A Father and Son’s First Deer
A hunter’s first deer holds a special place in any hunter’s memory. It doesn’t matter how big or small, buck or doe, it’s a memory you’ll cherish for the rest of your life. For Marshall and his son Mattingly, the long journey to harvest their first deer started with Mattingly approaching his father at an early age around Christmas time stating that he wanted to try bow hunting for deer. Amazingly, Santa brought them both new compound bows for Christmas, and so the quest began.
Marshall was no stranger to hunting. He grew up in a hunting household in Illinois where his family hunted pheasant, quail, and deer.
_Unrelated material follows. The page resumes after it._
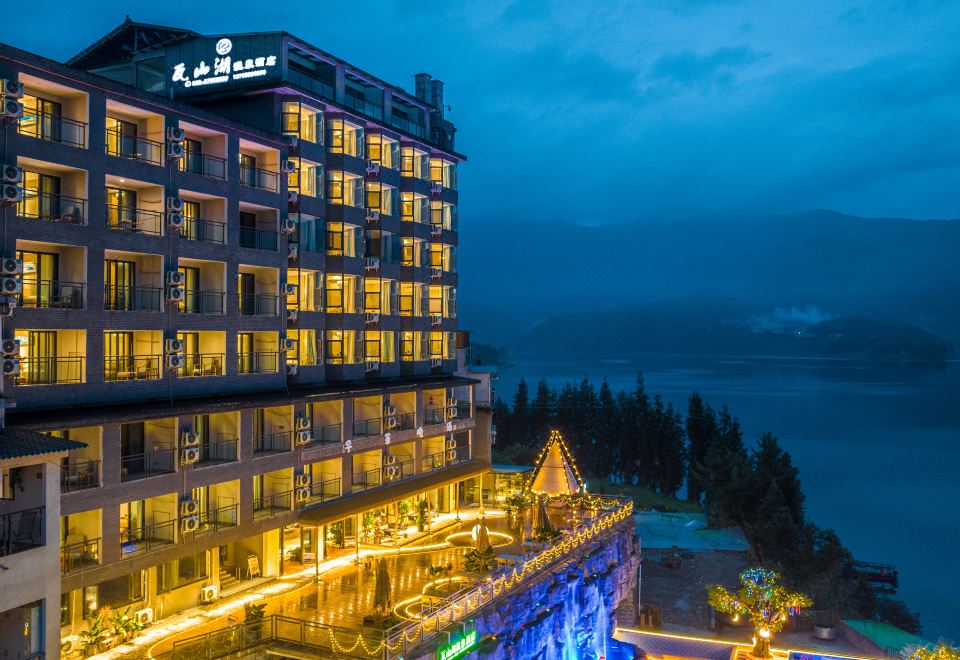 瓦山湖温泉酒店外景图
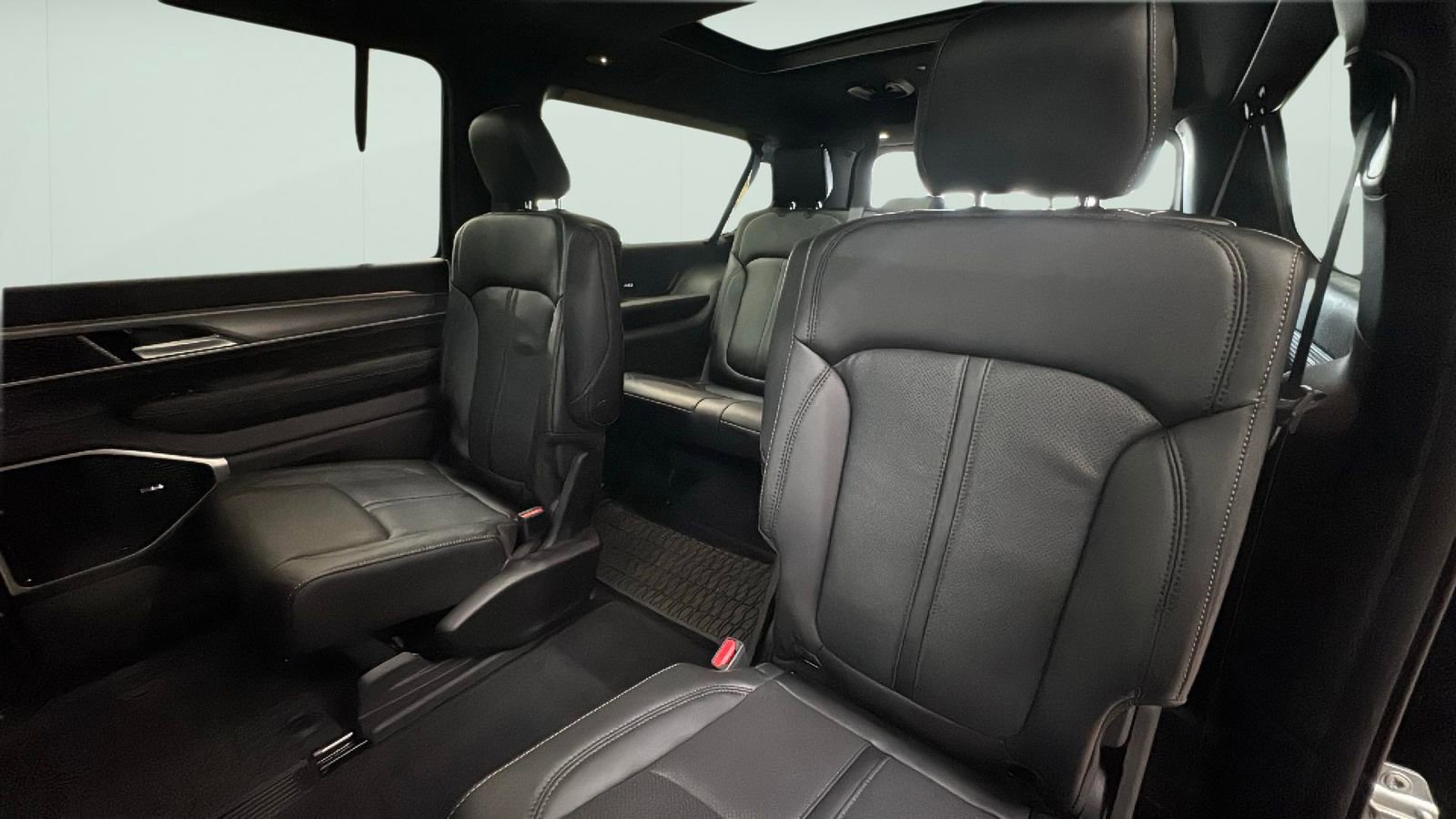 New 2026 Jeep Grand Wagoneer L Limited image 24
Although Marshall was too young to participate in the deer hunting before his family moved to a different state, he still remembers his father and other family members cherishing the tradition of the hunt each year. Marshall was excited to start a new hunting tradition with his son, and there’s no better place to start one rather than at the Heartland Lodge.
Marshall and Mattingly arrived at the Heartland Lodge the day after Christmas for a three day hunt. Unseasonably warm weather, rain, and high winds were predicted for all three days of hunting but it did not dampen their spirits. Their goals were to harvest their first deer, rain, wind, and high winds wasn’t going to stop them from going out and reaching their goal. Both Marshall and Mattingly practiced shooting their bows religiously and had even finished near the top of their divisions in some local 3-D target shoots back home. They felt confident that if an opportunity arose they would be able to make a lethal shot.
The first few days of hunting were slow for both Marshall and Mattingly. On the second morning of the hunt, Marshall was the only hunter in camp to brave the elements. The winds were howling and basically raining sideways. Even though he didn’t see a deer that morning, he had no regrets for heading out. To say the least, he was determined to get a deer.
It came down to the last evening of their hunt, Mattingly was sitting in a ground blind that was on the edge of CRP overlooking a narrow strip of turnips that the deer had been hitting hard. He had sat in the blind the night before and had seen a lot of deer but they never foraged close enough for an ethical shot. Marshall was sitting in a massive red oak tree overlooking a long, narrow strip of clover.
It wasn’t long into their afternoon sit when the action began. Marshall had his attention set on a group of does that came out of the adjacent wooded draw and began to forage on the clover just 80 yards to his right. They were slowly working towards his direction when something spooked one of the does and took off in the draw, the rest of them followed suit. Confused as to what had spooked the deer, Marshall watched intently for the instigator. Just minutes later a doe and a yearling popped out just to the left of him out of the draw. Marshall could tell the doe was nervous as she moved ever so cautiously towards his tree stand, stopping for long periods of time listening and watching for movement. As she entered bow range, Marshall readied his bow. The mature doe knew something wasn’t quite right and began to exit the field, Marshall drew his bow back and as the doe began to turn to walk away, he let an arrow fly. The doe jumped the string and the arrow hit high, dropping the doe in the field. A follow up shot was made and the doe quickly expired.
Just minutes later, Marshall received a text from his son that he too had got one. He made a great double lung shot on a deer at 17 yards. But Mattingly’s evening wasn’t over yet, about 45 minutes later a mature doe began to forage in the turnips and started working her way towards the right side of his blind. As the doe got within about 25 yards, Mattingly drew back and let the arrow fly, again he made a perfect double lung shot and the big doe expired quickly.
After years of long hours practicing, hard work, and determination, father and son were able to harvest their first deer together. They both showed great perseverance and stayed positive throughout the hunt even weather conditions were tough and deer movement was slow. A special memory that they will treasure for the rest of their lives, no matter how many more deer they are able to harvest, the first one will always hold a special place in a hunter’s heart, especially when you’re able to share the moments with your family. When hunting at the Heartland Lodge, you may not only experience the hunt of a lifetime but you can bring home memories that you will cherish with friends and family for the rest of your life.